Türkiye’deki iktidarların ana hedefi ekonominin enerji açığını çözmek ve gerek sanayiye, gerekse de hanehalklarına ucuz, devamlılık arz eden, temiz ve dışa bağımlılığı ortadan kaldıran enerji temin etmek olmalıdır. Biz TL’yi suni yollardan zayıflatarak ihracatta rekabetçi gücümüzü artırmaya çalışıyoruz, ve görüldüğü gibi pek de bir yere gidemiyoruz. Halbuki sanayiye ve hatta tarıma ucuz enerji temin ederek ve böylece bu sektörlerin üretim maliyetlerinde “reel” bir düşüş sağlayarak (bir anlamda verimliliğimizi artırarak) çok daha kalıcı bir atılım sağlayabilir, ve vatandaşlar için de çok büyük bir yük haline gelen dolaylı ve dolaysız enerji masraflarından, ve onların getirdiği enflasyonist etkilerden kurtulabiliriz.

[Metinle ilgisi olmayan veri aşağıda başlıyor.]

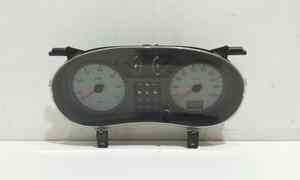 Quadro Strumenti per Renault Kangoo 3 Serie (2003 - 2007)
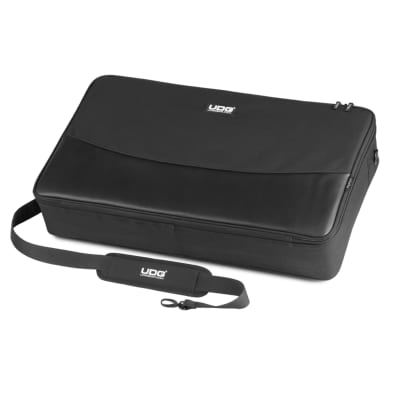 UDG Urbanite Controller Sleeve Large Black (U7102BL) - DJ Equipment bag Bild 2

Bugüne kadar uzak görüşlü ve uzun vadeli bir enerji politikası oluşturabildiğimizi söyleyemeyiz. Enerji temini ile ilgili stratejik ve jeopolitik sorunlara ise hiç girmeyelim. Enerjiye olan bağımlılık Türkiye’nin üzerinde Demokles’in kılıcı gibi sallanmaya devam etmekte. Bu sene de yaşayarak görüyoruz ki komşulardan temin etmeye çalıştığımız petrol ve doğalgazın (şu ya da bu sebeple) kesilmesi sanayi üretimi başta olmak üzere çok ciddi sorunlara yol açmaktadır. Bir de Türkiye’nin özellikle doğalgazın Avrupa’ya temininde yıllardır bir “hub” olma çabası var. Öncelikle böyle bir projenin fizibilitesinin iyi incelenmesi lazım. (Şahsen bugünlerde Doğu Akdeniz projesinin rafa kaldırılmasının arkasında da “fizibilite” hesaplarının yattığını düşünüyorum.)
Ayrıca, Dünyada “küresel ısınma” diye insanlığın varoluşunu tehdit eden bir durum söz konusu iken, ve (alternatiflerine göre göreceli olarak ne kadar “temiz” bir enerji kaynağı olsa da) karbon salınımı yüksek bir fosil yakıtı olan doğalgazın kullanımının azaltılması gerektiği ve azalacağı ortadayken, bu yakıta bir geçiş yolu sağlamak ve bu sayede de bir miktarını kullanabilmeyi amaçlamak herhalde çok uzak görüşlü bir strateji olmasa gerek. Avrupa “temiz” enerjiye geçtikçe haliyle doğalgaza olan talebi de ortadan kalkacaktır. (Şu anda yaşanan arz-talep dengesizliğinin arkasında ise büyük ölçüde Almanya’nın çok yanlış bir kararla nükleer enerji santrallerini devreden çıkarması yatmakta.)
Son olarak dış ticaret rakamlarına makroekonomik perpektiften bakarsak tabi şunu da belirtmek gerekiyor: Politika faizlerini hesapsızca düşürmenin nedeni olarak sunulan dış ticaret dengesi ve dolayısıyla da cari dengenin pozitife dönme durumu gerçekleşmemektedir. Kurlar üzerinden sağlandığı sanılan rekabetçi pozisyonumuz Eylülde dolar kuru 8.5 iken neredeyse, şimdi de artan enflasyon sayesinde ona yakın bir yerdedir. Hatta, enflasyondaki yapışkanlığın devam etmesiyle birlikte yakında rekabetçiliğimizin Eylül 2021 seviyesinden de geriye gitmesi söz konusu olacaktır. Tabii, bu süreçte yüksek ve volatil kurların getirdiği fiyatlama ve tedarik sorunlarının üretim üzerine getirdiği ciddi yükleri de göz ardı edemeyiz.